● YOUR INSTRUCTIONS
Using the data below, output a verbatim copy of the lines between the one holding "Substitution looks a" and the one holding "Contemporary style uses", inclusive, without any pictures.

Stored items:
[Start of Attachment]

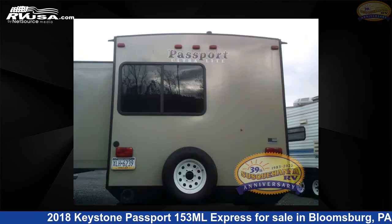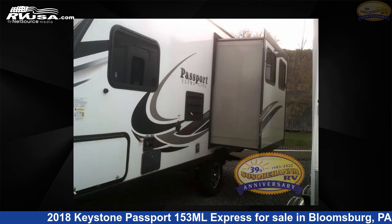This used Keystone is 20 feet 0 inches in length and features one slide-out, sleeps 4, and 43 gallons fresh water capacity.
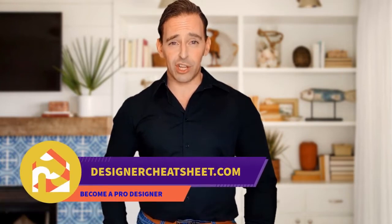Do you want to design your space like a pro? We have taken the most important aspects of interior design and condensed them into a free cheat sheet for you. Check out the free designer toolkit on our website, designercheatsheet.com.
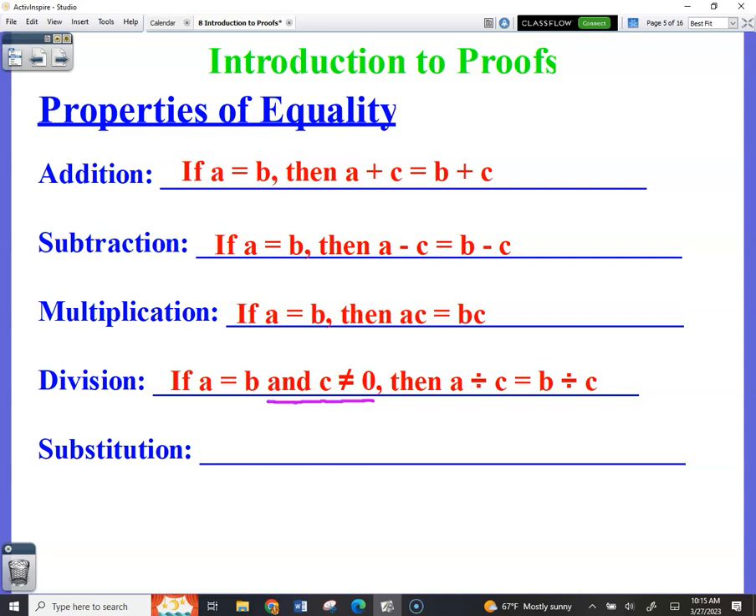Substitution looks a little different. It's saying: if you've got x equals y, then you could substitute x in for y anywhere in an equation.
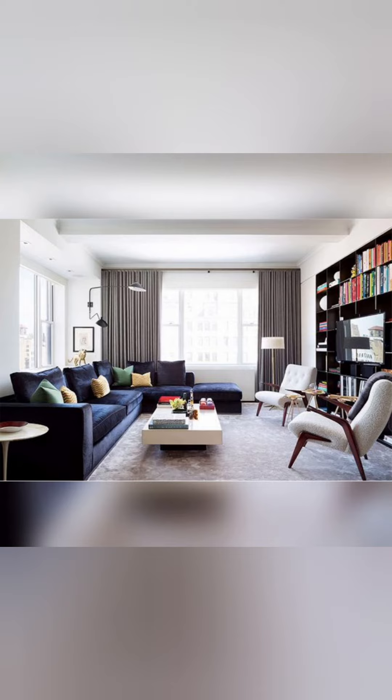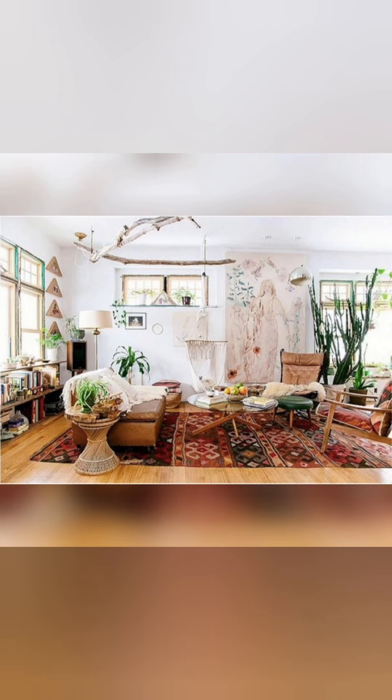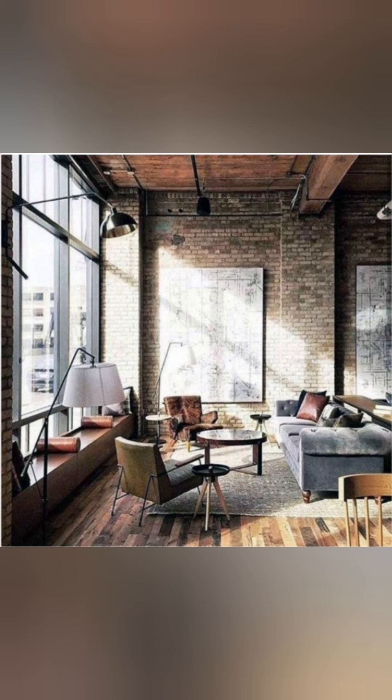Contemporary style uses colors and lines to create a sleek and fresh feel. The fifth one is bohemian style. This style is rich and creates the space with visual interest. The sixth one is industrial style.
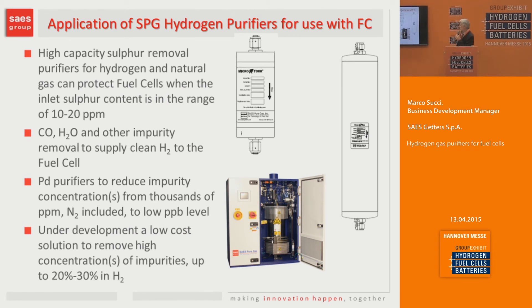To summarize what we can offer for fuel cell: we have high-capacity sulfur traps suitable to remove concentrations starting from 10–20 ppm; absorbers suitable to remove CO, water vapor, sulfur compounds, and ammonia down to the low ppb region; and palladium purifiers. We are also developing a low-cost solution able to handle impurity concentrations in hydrogen up to 20–30%.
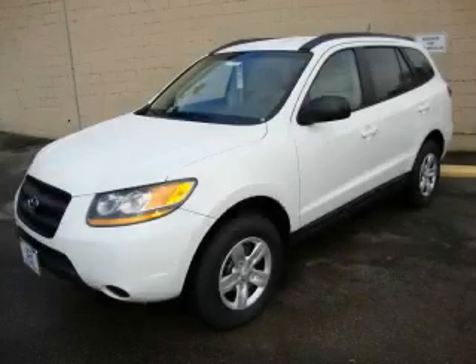This is a brand new 2009 Hyundai Santa Fe. Safety, space, and comfort.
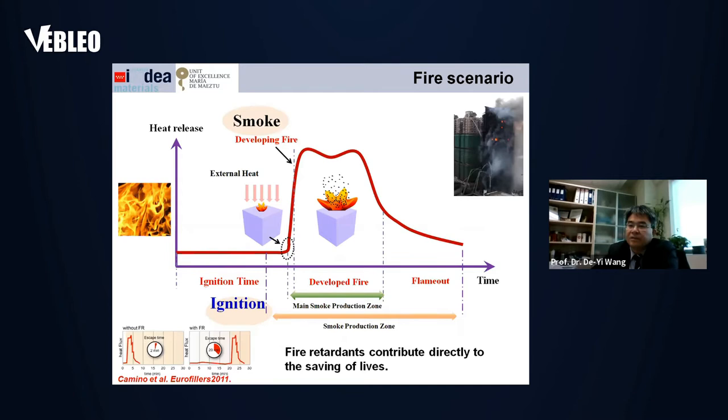Our understanding of fire is still limited. But usually, when combustion of polymer materials happens, there are several main stages. The first is the ignition stage. After this, the fire goes to the developing fire stage, then the developed fire stage, and finally flame-out or extinguishment. This is the basic sequence of steps for a fire.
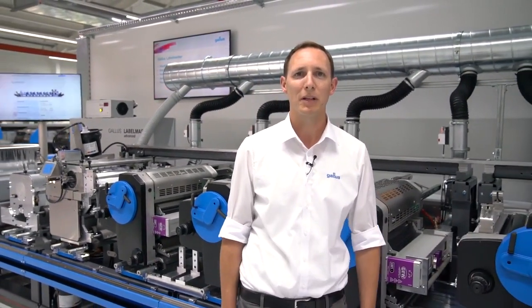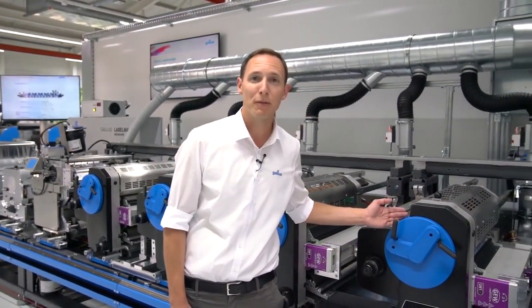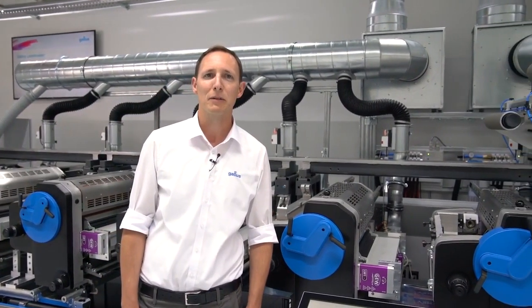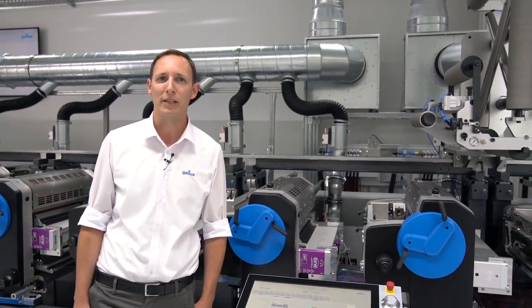The Galus Label Master is the fastest label press we have ever built and offers multiple levels of flexible configuration. In this premium version, a process change can be done in 15 minutes and all features can be combined in almost unlimited ways.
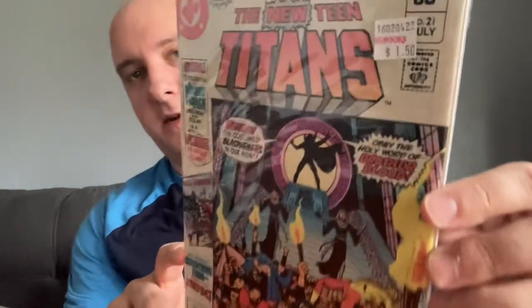They also had a chewed-up copy of New Teen Titans 21, which I'm pretty darn sure is the first appearance of Brother Blood. Half Price Books, $1.50 — very beat up, but key comic. George Perez again. $1.50 — oh yeah, I'll pick that up.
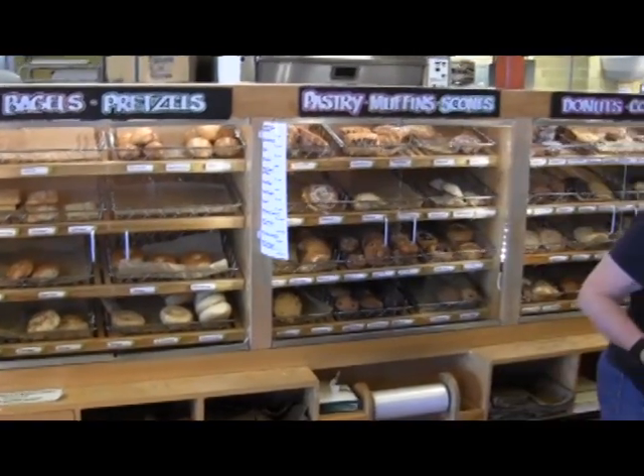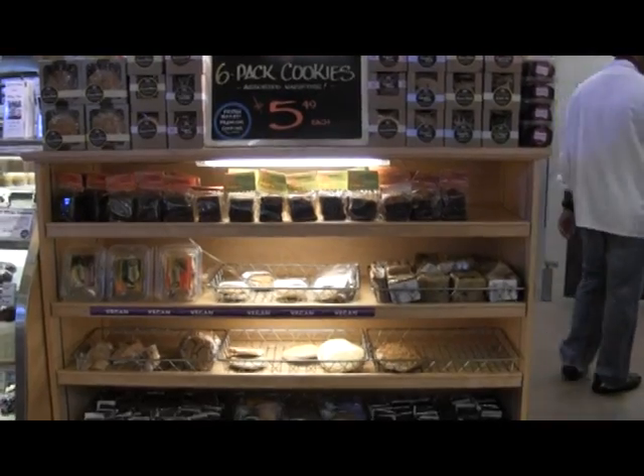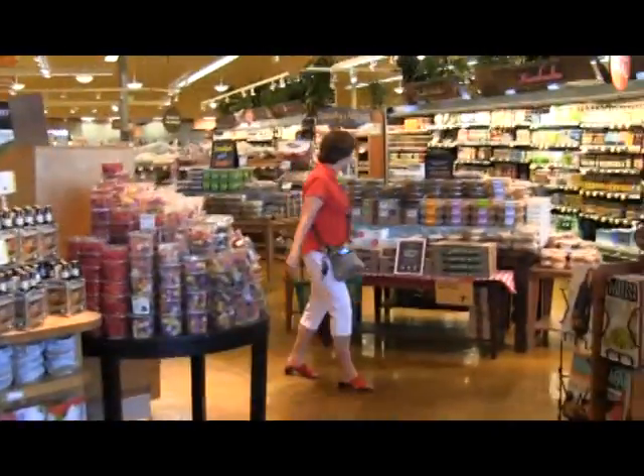The pastry case, the cake case, and the cookie bar have moved, but not far. They're now located just to the right of our coffee bar.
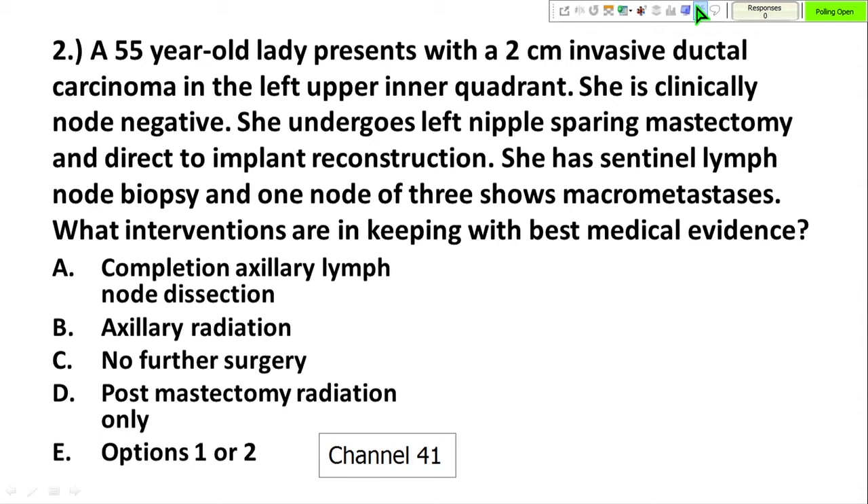Second case: a 55-year-old lady with a T2, two-centimeter invasive ductal carcinoma in the left upper inner quadrant, clinically node negative. She undergoes a left nipple-sparing mastectomy with direct implant reconstruction and sentinel lymph node biopsy. One of three sentinel nodes shows macrometastasis.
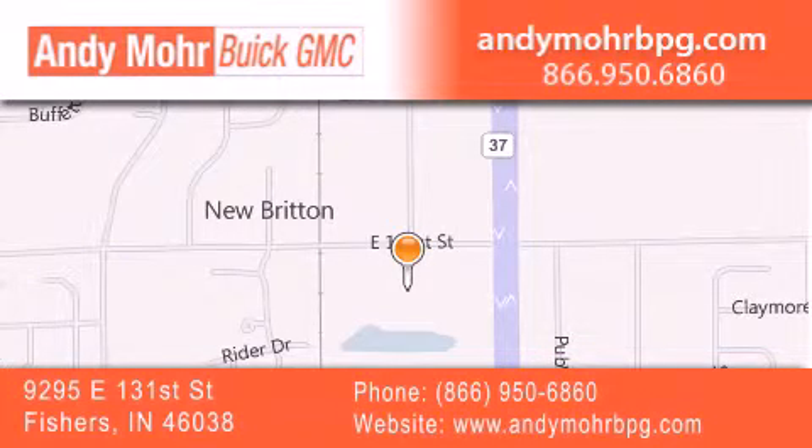Receive free no obligation price quotes. Stop by and visit us at 9295 East 131st Street in Fishers, or see us online at AndyMooreBPG.com.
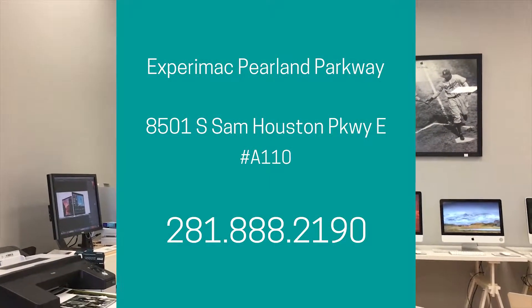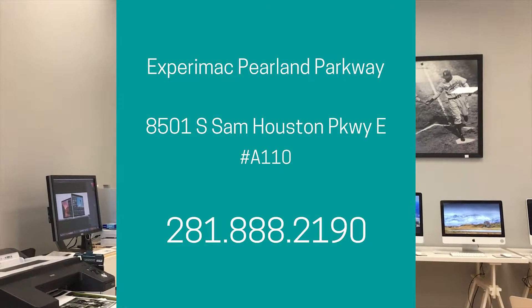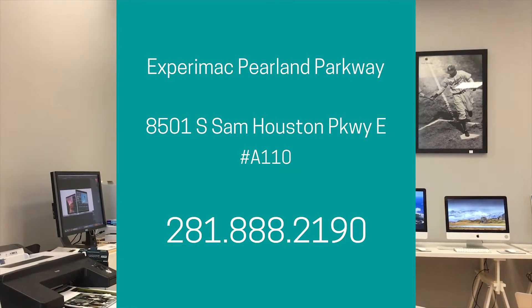Where is Xperimac Pearland Parkway? We're on the corner of the South Beltway at the Pearland Parkway exit in the Target Shopping Center. Great, thanks. Thank you. Come and see us.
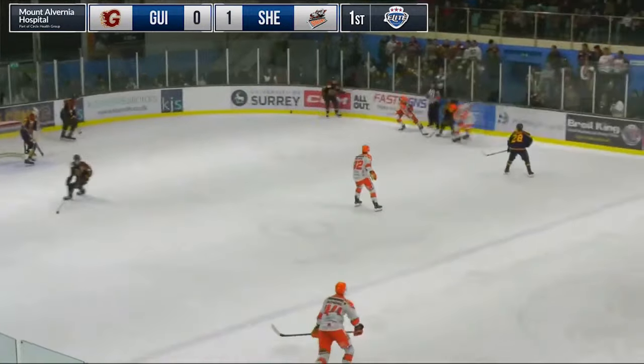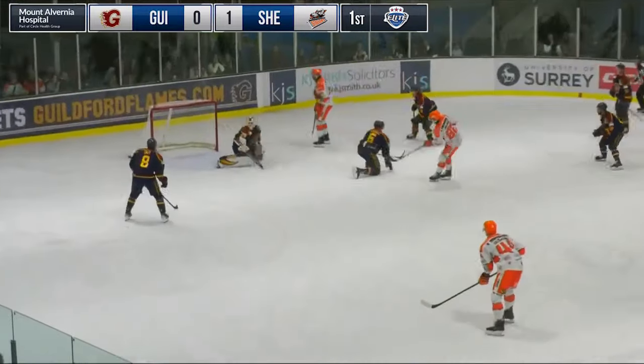Well, that is the kind of finish you get from the EIHL forward of the year last season — miles away from both defenders.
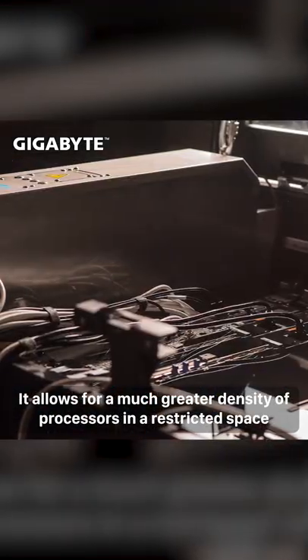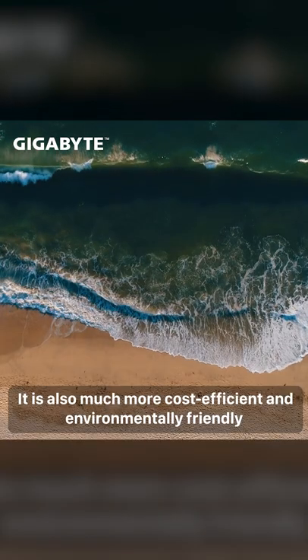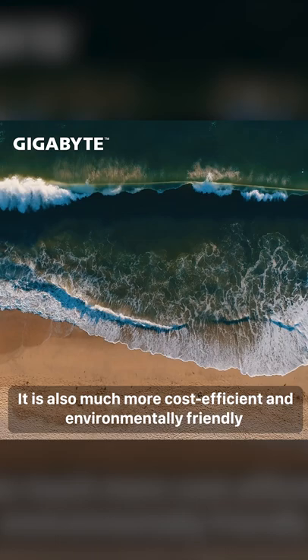It allows for a much greater density of processors in a restricted space. It is also much more cost-efficient and environmentally friendly.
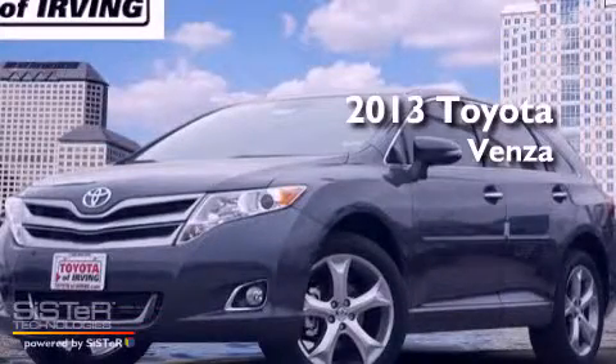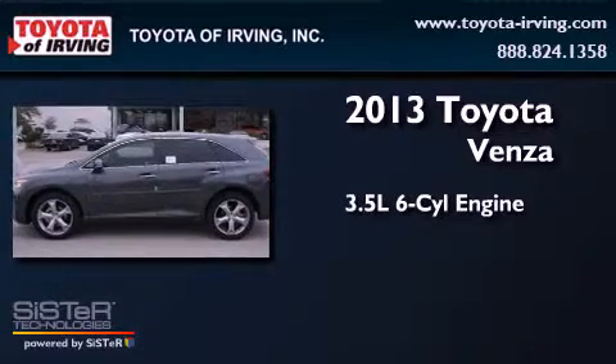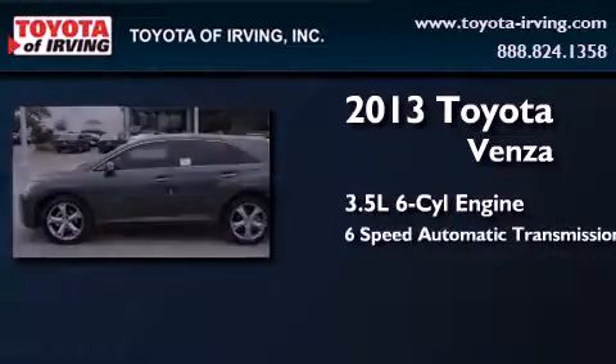This is a brand new 2013 Toyota Venza. It has a 3.5-liter six-cylinder engine and a six-speed automatic transmission.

[End of Attachment]

● RESULT OF THE EXERCISE
Substitution looks a little different. It's saying: if you've got x equals y, then you could substitute x in for y anywhere in an equation.
Contemporary style uses colors and lines to create a sleek and fresh feel. The fifth one is bohemian style. This style is rich and creates the space with visual interest. The sixth one is industrial style.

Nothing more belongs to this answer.